Scream Factory’s third collection of Vincent Price films continues to show their love for the man, his work, and the genre films. All four films feature new HD masters and look fantastic, and the special features add informative commentaries, interviews, and marketing materials. The first disc features a 70+ minute interview with the brilliant Richard Matheson charting his career in film too, and we also get An Evening with Edgar Allan Poe, a TV special featuring Price bringing to life a handful of Poe’s stories. This is a highly recommended collection that once again is a must-own for Price fans.
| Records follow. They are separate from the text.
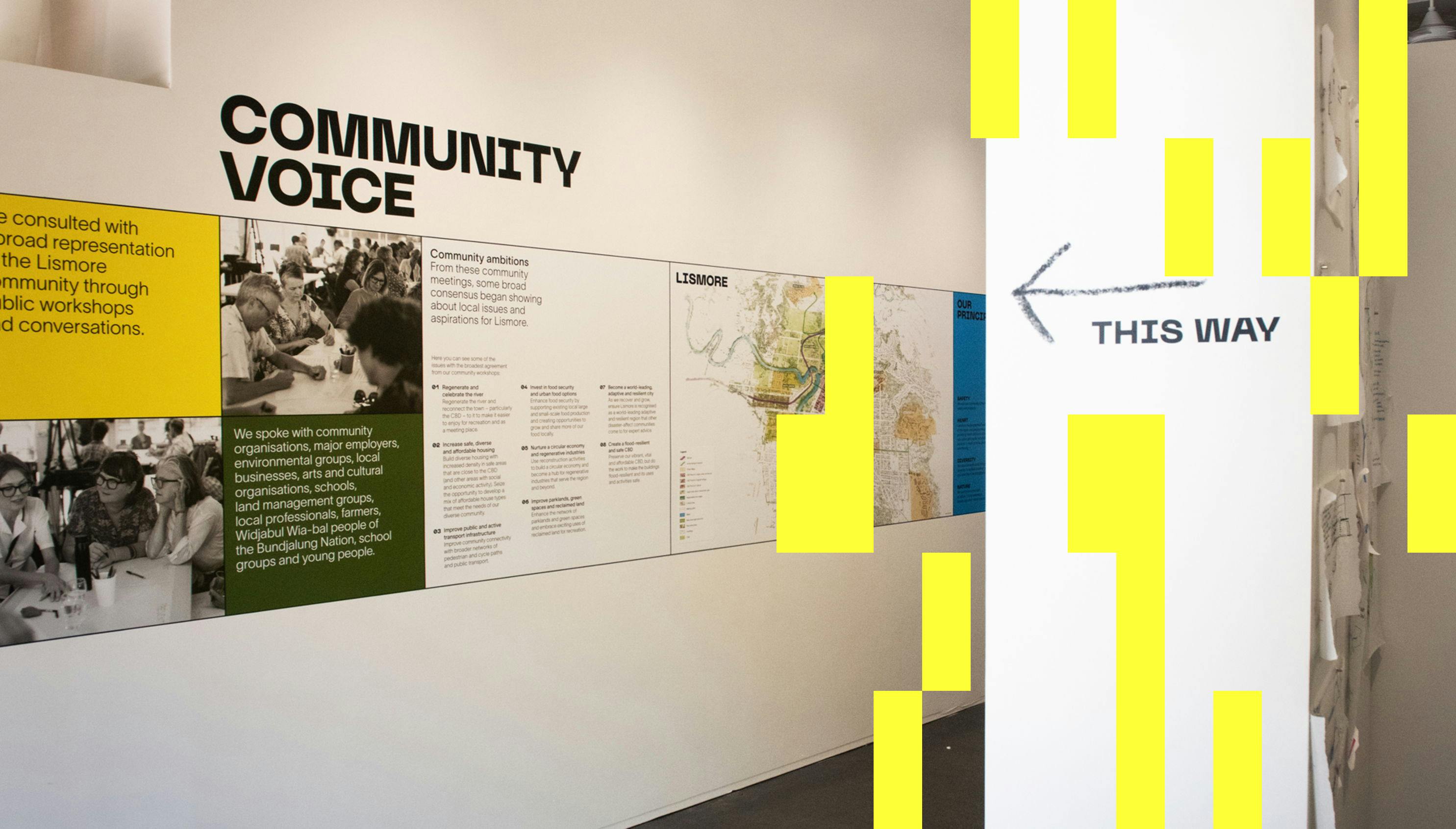 Information and images appear on the wall of the exhibition space, showing the stages of the codesign process.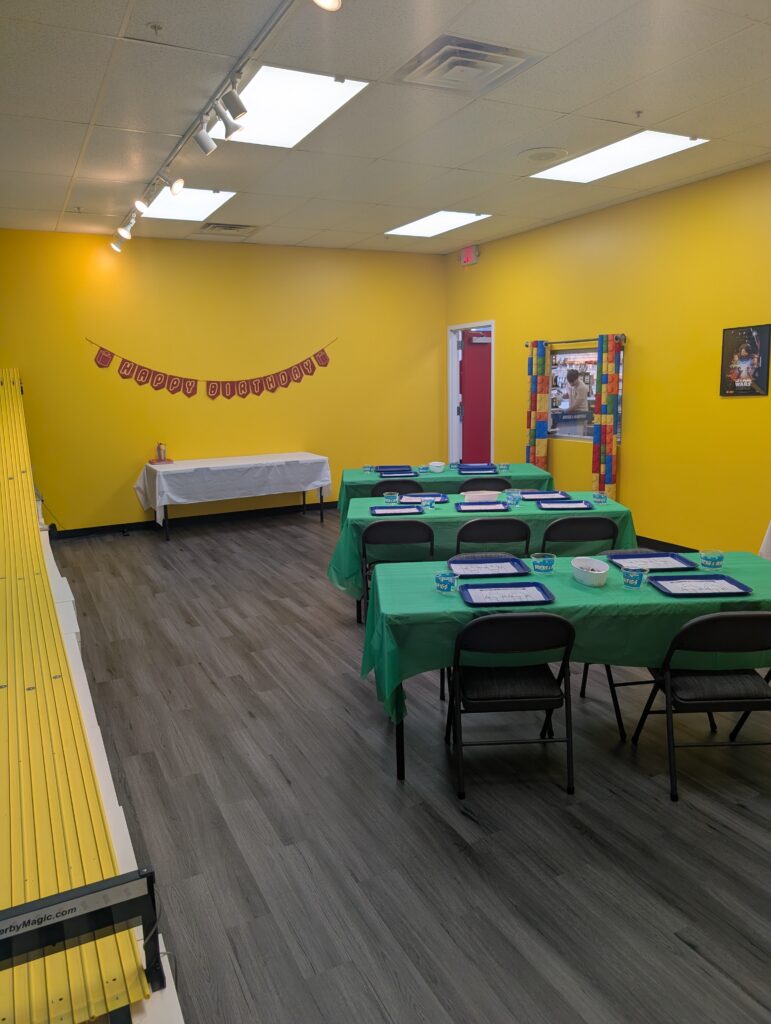 Birthday party room setup at Bricks & MiniFigs Schaumburg with Lego® building, tables, derby cars, and kids activities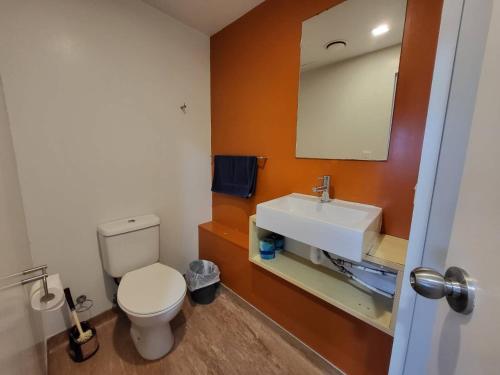 een badkamer met een wit toilet en een wastafel bij Empire Apartments in Auckland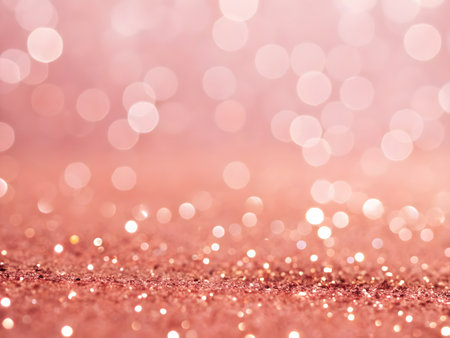 A beautiful rose gold glitter background with sparkling lights and a bokeh effect. Perfect for adding a touch of glamour and elegance to any design or project.の素材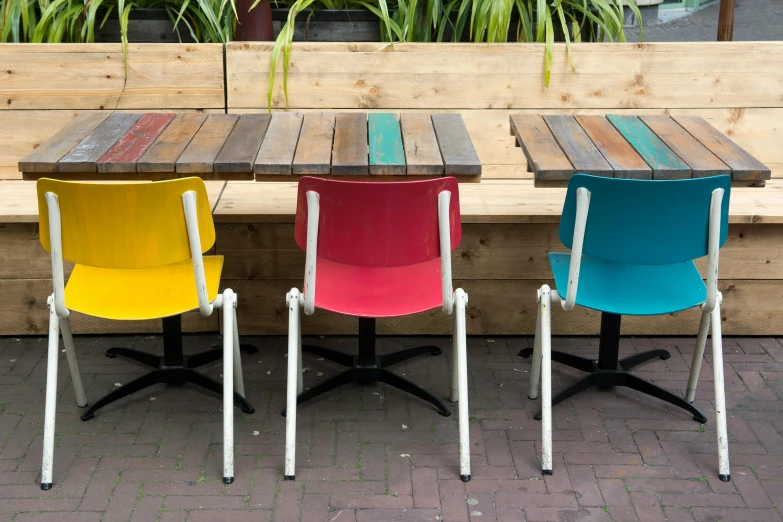 three multicolored chairs next to each other in front of wooden tables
[Blu-ray extras: Commentaries, interviews, TV episodes]

The 33

33 Chilean miners find themselves trapped when the mine they’re in collapses and leaves them buried alive 200 stories beneath the surface. The men below struggle with dwindling air, water, and food while those above struggle to rescue them with the world watching on television. The true story here ends as well as could be hoped, and the film captures the details of much of what transpired above and below the ground. It’s a manipulative execution, which is unsurprising, but the lean towards the rescue’s “miraculous” nature takes away from the actual human drama. These are real people ‐ both the victims and the rescuers ‐ but their contributions and existences are minimized in favor of appeals to faith.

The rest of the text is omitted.